→ **What to produce**: An exact copy of the listing is needed, with every line kept.

*** Block opens ***

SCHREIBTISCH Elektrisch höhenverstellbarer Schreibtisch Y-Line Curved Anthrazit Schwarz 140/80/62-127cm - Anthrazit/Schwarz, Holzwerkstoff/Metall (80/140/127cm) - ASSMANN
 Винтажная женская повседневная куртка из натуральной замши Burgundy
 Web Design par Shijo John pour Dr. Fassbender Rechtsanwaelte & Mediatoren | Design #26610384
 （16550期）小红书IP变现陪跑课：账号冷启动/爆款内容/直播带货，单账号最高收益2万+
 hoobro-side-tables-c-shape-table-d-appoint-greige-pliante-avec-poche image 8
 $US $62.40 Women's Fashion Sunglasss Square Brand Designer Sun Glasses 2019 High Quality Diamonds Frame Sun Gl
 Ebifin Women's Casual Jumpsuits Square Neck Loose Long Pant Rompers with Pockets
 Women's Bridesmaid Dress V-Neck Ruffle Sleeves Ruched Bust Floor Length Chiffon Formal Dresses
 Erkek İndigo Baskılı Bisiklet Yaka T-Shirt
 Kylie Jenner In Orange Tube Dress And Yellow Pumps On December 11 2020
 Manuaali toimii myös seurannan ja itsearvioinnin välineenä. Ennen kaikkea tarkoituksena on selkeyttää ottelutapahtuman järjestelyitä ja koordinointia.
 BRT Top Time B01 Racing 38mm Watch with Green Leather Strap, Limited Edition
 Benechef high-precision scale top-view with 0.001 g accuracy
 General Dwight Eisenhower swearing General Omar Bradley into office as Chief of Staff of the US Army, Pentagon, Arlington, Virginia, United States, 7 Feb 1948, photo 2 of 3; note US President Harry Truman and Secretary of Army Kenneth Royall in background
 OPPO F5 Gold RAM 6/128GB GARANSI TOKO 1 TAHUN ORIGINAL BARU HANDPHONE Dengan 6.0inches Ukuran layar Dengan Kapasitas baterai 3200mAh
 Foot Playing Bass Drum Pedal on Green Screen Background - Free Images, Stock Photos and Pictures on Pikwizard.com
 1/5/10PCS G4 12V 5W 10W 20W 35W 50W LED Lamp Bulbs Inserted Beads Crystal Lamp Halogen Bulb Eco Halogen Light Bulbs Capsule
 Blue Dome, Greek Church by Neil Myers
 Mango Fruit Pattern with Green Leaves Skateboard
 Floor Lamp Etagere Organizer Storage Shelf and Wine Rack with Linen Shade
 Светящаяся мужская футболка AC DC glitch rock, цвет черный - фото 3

*** Block closes ***

→ **Solution for this task**:
SCHREIBTISCH Elektrisch höhenverstellbarer Schreibtisch Y-Line Curved Anthrazit Schwarz 140/80/62-127cm - Anthrazit/Schwarz, Holzwerkstoff/Metall (80/140/127cm) - ASSMANN
 Винтажная женская повседневная куртка из натуральной замши Burgundy
 Web Design par Shijo John pour Dr. Fassbender Rechtsanwaelte & Mediatoren | Design #26610384
 （16550期）小红书IP变现陪跑课：账号冷启动/爆款内容/直播带货，单账号最高收益2万+
 hoobro-side-tables-c-shape-table-d-appoint-greige-pliante-avec-poche image 8
 $US $62.40 Women's Fashion Sunglasss Square Brand Designer Sun Glasses 2019 High Quality Diamonds Frame Sun Gl
 Ebifin Women's Casual Jumpsuits Square Neck Loose Long Pant Rompers with Pockets
 Women's Bridesmaid Dress V-Neck Ruffle Sleeves Ruched Bust Floor Length Chiffon Formal Dresses
 Erkek İndigo Baskılı Bisiklet Yaka T-Shirt
 Kylie Jenner In Orange Tube Dress And Yellow Pumps On December 11 2020
 Manuaali toimii myös seurannan ja itsearvioinnin välineenä. Ennen kaikkea tarkoituksena on selkeyttää ottelutapahtuman järjestelyitä ja koordinointia.
 BRT Top Time B01 Racing 38mm Watch with Green Leather Strap, Limited Edition
 Benechef high-precision scale top-view with 0.001 g accuracy
 General Dwight Eisenhower swearing General Omar Bradley into office as Chief of Staff of the US Army, Pentagon, Arlington, Virginia, United States, 7 Feb 1948, photo 2 of 3; note US President Harry Truman and Secretary of Army Kenneth Royall in background
 OPPO F5 Gold RAM 6/128GB GARANSI TOKO 1 TAHUN ORIGINAL BARU HANDPHONE Dengan 6.0inches Ukuran layar Dengan Kapasitas baterai 3200mAh
 Foot Playing Bass Drum Pedal on Green Screen Background - Free Images, Stock Photos and Pictures on Pikwizard.com
 1/5/10PCS G4 12V 5W 10W 20W 35W 50W LED Lamp Bulbs Inserted Beads Crystal Lamp Halogen Bulb Eco Halogen Light Bulbs Capsule
 Blue Dome, Greek Church by Neil Myers
 Mango Fruit Pattern with Green Leaves Skateboard
 Floor Lamp Etagere Organizer Storage Shelf and Wine Rack with Linen Shade
 Светящаяся мужская футболка AC DC glitch rock, цвет черный - фото 3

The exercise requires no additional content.